Nonetheless, this resurgent capitalist fantasy of authoritarian nationalism, has added a new dimension to this established totalitarian trope. Significantly, it reflects the “traditional” fantasy of authority at work within globalization generally. In this respect, non-totalitarian authority is underpinned by an affective discourse that simultaneously expounds the “non-violent” and procedural nature of its power while having to “supplement” this rule with “excessive” practices that while illegal are fundamental to the survival of the underlying power relations upheld by this sovereign order (Zizek, 1994). Examples, historically, can be found ranging from the creation of the KKK as an extra-governmental force for maintaining racial segregation within an ostensibly democratic American state to modern practices of police brutality to deal with marginalized communities within contemporary liberal nations (Tie, 2004).

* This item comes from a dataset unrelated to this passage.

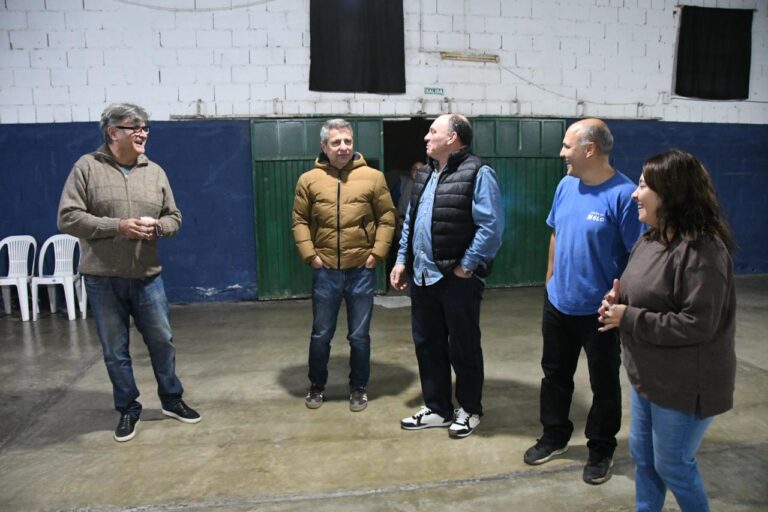 El trabajo conjunto con los centros vecinales se profundiza día a día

Returning to the context of contemporary globalization, the authoritarian excesses of the state capitalists illuminates an analogous need for an actor able to, if necessary, coercively protect and maintain corporate globalization. The post-Cold War fantasies of an integrated “free market” economy characterized by universal democracy is supplemented by a strong national actor who can “do what needs to be done,” even if it does not always conform to international standards of human rights, in order to ensure structurally that marketization continues unabated and discursively; that it serves the needs of the population as opposed to foreign and domestic elites. Illustrated is the requirement of a strong state actor, whose actions may or may not be always officially sanctioned or accepted, to do the “dirty work” of implementing capitalism globally amidst a regime of global governance that rhetorically stakes its legitimacy to values of “non-coercion” and “fairness” in support of continued national and trans-national inequality economically and politically.

In this respect, the rise of the market despots is a virulent combination of traditional and totalitarian fantasies. These authoritarian capitalists represent both the “illegal” but necessary supplement to the liberal hegemony of the “free market” while also the fetishized rulers whom uniquely and “objectively” know how to deliver progress to their citizens. They embody, to this effect, the appeal of the anti-hero - the affective investment in an individual or group who directly contravenes and intentionally breaks entrenched social norms and laws when necessary. Market despots of the twenty-first century are modern-day political “bad boys,” unafraid to sneer at universally accepted “truths” of market globalization for the sake of their country and subjects.

Importantly, their resistance is not aimed at capitalism itself but an “exploitive” capitalism being imposed on them by sinister global forces. Revealed, therefore, is a new fantasy of “national authoritarian capitalism” whereby a leader or regime is solely able to direct marketization for the “good of the people” based on their specific and unique cultural conditions.